## One Hot Encoding and Label Encoding Exercise

This notebook demonstrates OneHot and Label Encoding using scikit-learn on custom text documents.

In [1]:
# Import required libraries
from sklearn.preprocessing import LabelEncoder, OneHotEncoder

In [2]:
# Define the text documents
S1 = 'Often, machine learning tutorials will recommend.'
S2 = 'Getting started in applied machine learning.'
S3 = 'One good example is to use.'

# Preprocess: convert to lowercase and remove punctuation
processed_docs = [doc.lower().replace(',', '').replace('.', '') for doc in [S1, S2, S3]]
print("Processed documents:")
for i, doc in enumerate(processed_docs, 1):
    print(f"S{i}: {doc}")

Processed documents:
S1: often machine learning tutorials will recommend
S2: getting started in applied machine learning
S3: one good example is to use


## Label Encoding

Label Encoding converts each word in the corpus into a numeric value between 0 and n-1 (where n is the number of unique words).

In [3]:
# Prepare data for encoding
data = [doc.split() for doc in processed_docs]
values = data[0] + data[1] + data[2]
print("All words:", values)
print("\nTotal words:", len(values))
print("Unique words:", len(set(values)))

All words: ['often', 'machine', 'learning', 'tutorials', 'will', 'recommend', 'getting', 'started', 'in', 'applied', 'machine', 'learning', 'one', 'good', 'example', 'is', 'to', 'use']

Total words: 18
Unique words: 16


In [4]:
# Label Encoding
label_encoder = LabelEncoder()
integer_encoded = label_encoder.fit_transform(values)

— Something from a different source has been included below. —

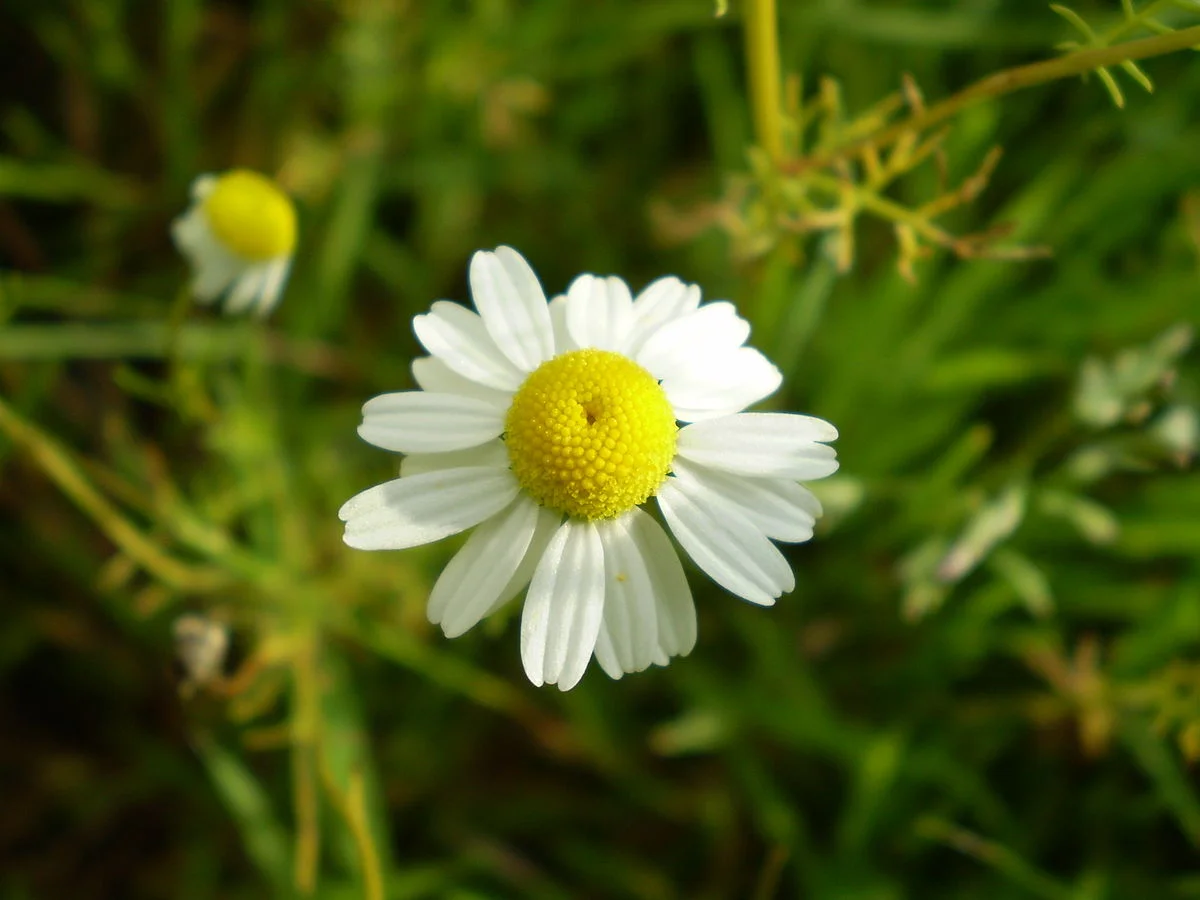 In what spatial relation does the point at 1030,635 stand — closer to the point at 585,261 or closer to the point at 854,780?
the point at 854,780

print("Label Encoded:", integer_encoded)
print("\nWord to Label mapping:")
for word, label in zip(values, integer_encoded):
    print(f"  {word:15s} -> {label}")

Label Encoded: [ 8  7  6 13 15 10  2 11  4  0  7  6  9  3  1  5 12 14]

Word to Label mapping:
  often           -> 8
  machine         -> 7
  learning        -> 6
  tutorials       -> 13
  will            -> 15
  recommend       -> 10
  getting         -> 2
  started         -> 11
  in              -> 4
  applied         -> 0
  machine         -> 7
  learning        -> 6
  one             -> 9
  good            -> 3
  example         -> 1
  is              -> 5
  to              -> 12
  use             -> 14


In [5]:
# Show unique label encodings
print("\nUnique word to label mapping:")
unique_words = sorted(set(values))
unique_labels = label_encoder.transform(unique_words)
for word, label in zip(unique_words, unique_labels):
    print(f"  {word:15s} -> {label}")


Unique word to label mapping:
  applied         -> 0
  example         -> 1
  getting         -> 2
  good            -> 3
  in              -> 4
  is              -> 5
  learning        -> 6
  machine         -> 7
  often           -> 8
  one             -> 9
  recommend       -> 10
  started         -> 11
  to              -> 12
  tutorials       -> 13
  use             -> 14
  will            -> 15


## One-Hot Encoding

One-Hot Encoding represents each word as a binary vector where only one element is 1 (hot) and all others are 0.

In [6]:
# One-Hot Encoding
onehot_encoder = OneHotEncoder()
onehot_encoded = onehot_encoder.fit_transform(data).toarray()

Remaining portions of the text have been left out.